> _HOW TO COMPLETE THIS TASK_:
A verbatim copy of the listing is the expected output.

> _GIVEN ENTRIES_:
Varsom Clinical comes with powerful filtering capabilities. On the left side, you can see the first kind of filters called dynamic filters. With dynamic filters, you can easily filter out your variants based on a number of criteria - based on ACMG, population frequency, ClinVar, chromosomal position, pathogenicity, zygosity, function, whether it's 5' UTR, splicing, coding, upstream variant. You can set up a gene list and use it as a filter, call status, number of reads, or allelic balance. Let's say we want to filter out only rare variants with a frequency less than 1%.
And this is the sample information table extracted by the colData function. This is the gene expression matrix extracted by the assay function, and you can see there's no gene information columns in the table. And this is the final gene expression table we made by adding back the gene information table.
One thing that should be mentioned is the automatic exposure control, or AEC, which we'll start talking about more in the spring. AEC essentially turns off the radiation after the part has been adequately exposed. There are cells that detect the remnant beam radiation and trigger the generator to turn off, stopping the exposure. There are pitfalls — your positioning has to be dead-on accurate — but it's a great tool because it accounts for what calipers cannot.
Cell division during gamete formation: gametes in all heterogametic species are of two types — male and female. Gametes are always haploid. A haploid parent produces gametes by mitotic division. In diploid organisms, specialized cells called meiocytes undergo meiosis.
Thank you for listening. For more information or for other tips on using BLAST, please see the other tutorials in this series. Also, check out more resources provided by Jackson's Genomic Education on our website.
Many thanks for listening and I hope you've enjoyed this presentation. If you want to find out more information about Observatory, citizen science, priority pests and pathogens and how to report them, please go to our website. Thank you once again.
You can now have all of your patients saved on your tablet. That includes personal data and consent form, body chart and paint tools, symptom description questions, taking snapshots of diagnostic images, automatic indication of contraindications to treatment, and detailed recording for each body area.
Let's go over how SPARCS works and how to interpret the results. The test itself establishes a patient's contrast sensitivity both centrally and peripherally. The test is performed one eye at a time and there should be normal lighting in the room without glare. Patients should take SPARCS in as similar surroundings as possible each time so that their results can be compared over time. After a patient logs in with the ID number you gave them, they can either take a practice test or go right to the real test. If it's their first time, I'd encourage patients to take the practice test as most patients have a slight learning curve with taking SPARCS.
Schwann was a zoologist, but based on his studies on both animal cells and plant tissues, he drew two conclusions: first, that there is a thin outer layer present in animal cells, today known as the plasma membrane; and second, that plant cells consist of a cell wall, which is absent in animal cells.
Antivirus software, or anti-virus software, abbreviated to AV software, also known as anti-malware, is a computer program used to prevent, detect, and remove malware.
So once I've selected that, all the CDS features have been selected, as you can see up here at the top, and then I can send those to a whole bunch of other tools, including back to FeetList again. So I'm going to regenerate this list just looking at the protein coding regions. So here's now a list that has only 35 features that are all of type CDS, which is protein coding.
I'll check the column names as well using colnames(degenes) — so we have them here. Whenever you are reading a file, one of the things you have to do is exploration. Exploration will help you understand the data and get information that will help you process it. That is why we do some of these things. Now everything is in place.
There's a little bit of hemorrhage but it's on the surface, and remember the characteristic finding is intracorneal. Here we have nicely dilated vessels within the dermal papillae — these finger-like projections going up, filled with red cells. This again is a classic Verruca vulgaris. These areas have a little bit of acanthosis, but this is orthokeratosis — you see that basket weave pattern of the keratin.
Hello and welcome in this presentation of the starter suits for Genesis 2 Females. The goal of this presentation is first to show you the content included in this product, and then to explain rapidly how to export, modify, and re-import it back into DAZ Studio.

> _EXERCISE RESULT_:
Varsom Clinical comes with powerful filtering capabilities. On the left side, you can see the first kind of filters called dynamic filters. With dynamic filters, you can easily filter out your variants based on a number of criteria - based on ACMG, population frequency, ClinVar, chromosomal position, pathogenicity, zygosity, function, whether it's 5' UTR, splicing, coding, upstream variant. You can set up a gene list and use it as a filter, call status, number of reads, or allelic balance. Let's say we want to filter out only rare variants with a frequency less than 1%.
And this is the sample information table extracted by the colData function. This is the gene expression matrix extracted by the assay function, and you can see there's no gene information columns in the table. And this is the final gene expression table we made by adding back the gene information table.
One thing that should be mentioned is the automatic exposure control, or AEC, which we'll start talking about more in the spring. AEC essentially turns off the radiation after the part has been adequately exposed. There are cells that detect the remnant beam radiation and trigger the generator to turn off, stopping the exposure. There are pitfalls — your positioning has to be dead-on accurate — but it's a great tool because it accounts for what calipers cannot.
Cell division during gamete formation: gametes in all heterogametic species are of two types — male and female. Gametes are always haploid. A haploid parent produces gametes by mitotic division. In diploid organisms, specialized cells called meiocytes undergo meiosis.
Thank you for listening. For more information or for other tips on using BLAST, please see the other tutorials in this series. Also, check out more resources provided by Jackson's Genomic Education on our website.
Many thanks for listening and I hope you've enjoyed this presentation. If you want to find out more information about Observatory, citizen science, priority pests and pathogens and how to report them, please go to our website. Thank you once again.
You can now have all of your patients saved on your tablet. That includes personal data and consent form, body chart and paint tools, symptom description questions, taking snapshots of diagnostic images, automatic indication of contraindications to treatment, and detailed recording for each body area.
Let's go over how SPARCS works and how to interpret the results. The test itself establishes a patient's contrast sensitivity both centrally and peripherally. The test is performed one eye at a time and there should be normal lighting in the room without glare. Patients should take SPARCS in as similar surroundings as possible each time so that their results can be compared over time. After a patient logs in with the ID number you gave them, they can either take a practice test or go right to the real test. If it's their first time, I'd encourage patients to take the practice test as most patients have a slight learning curve with taking SPARCS.
Schwann was a zoologist, but based on his studies on both animal cells and plant tissues, he drew two conclusions: first, that there is a thin outer layer present in animal cells, today known as the plasma membrane; and second, that plant cells consist of a cell wall, which is absent in animal cells.
Antivirus software, or anti-virus software, abbreviated to AV software, also known as anti-malware, is a computer program used to prevent, detect, and remove malware.
So once I've selected that, all the CDS features have been selected, as you can see up here at the top, and then I can send those to a whole bunch of other tools, including back to FeetList again. So I'm going to regenerate this list just looking at the protein coding regions. So here's now a list that has only 35 features that are all of type CDS, which is protein coding.
I'll check the column names as well using colnames(degenes) — so we have them here. Whenever you are reading a file, one of the things you have to do is exploration. Exploration will help you understand the data and get information that will help you process it. That is why we do some of these things. Now everything is in place.
There's a little bit of hemorrhage but it's on the surface, and remember the characteristic finding is intracorneal. Here we have nicely dilated vessels within the dermal papillae — these finger-like projections going up, filled with red cells. This again is a classic Verruca vulgaris. These areas have a little bit of acanthosis, but this is orthokeratosis — you see that basket weave pattern of the keratin.
Hello and welcome in this presentation of the starter suits for Genesis 2 Females. The goal of this presentation is first to show you the content included in this product, and then to explain rapidly how to export, modify, and re-import it back into DAZ Studio.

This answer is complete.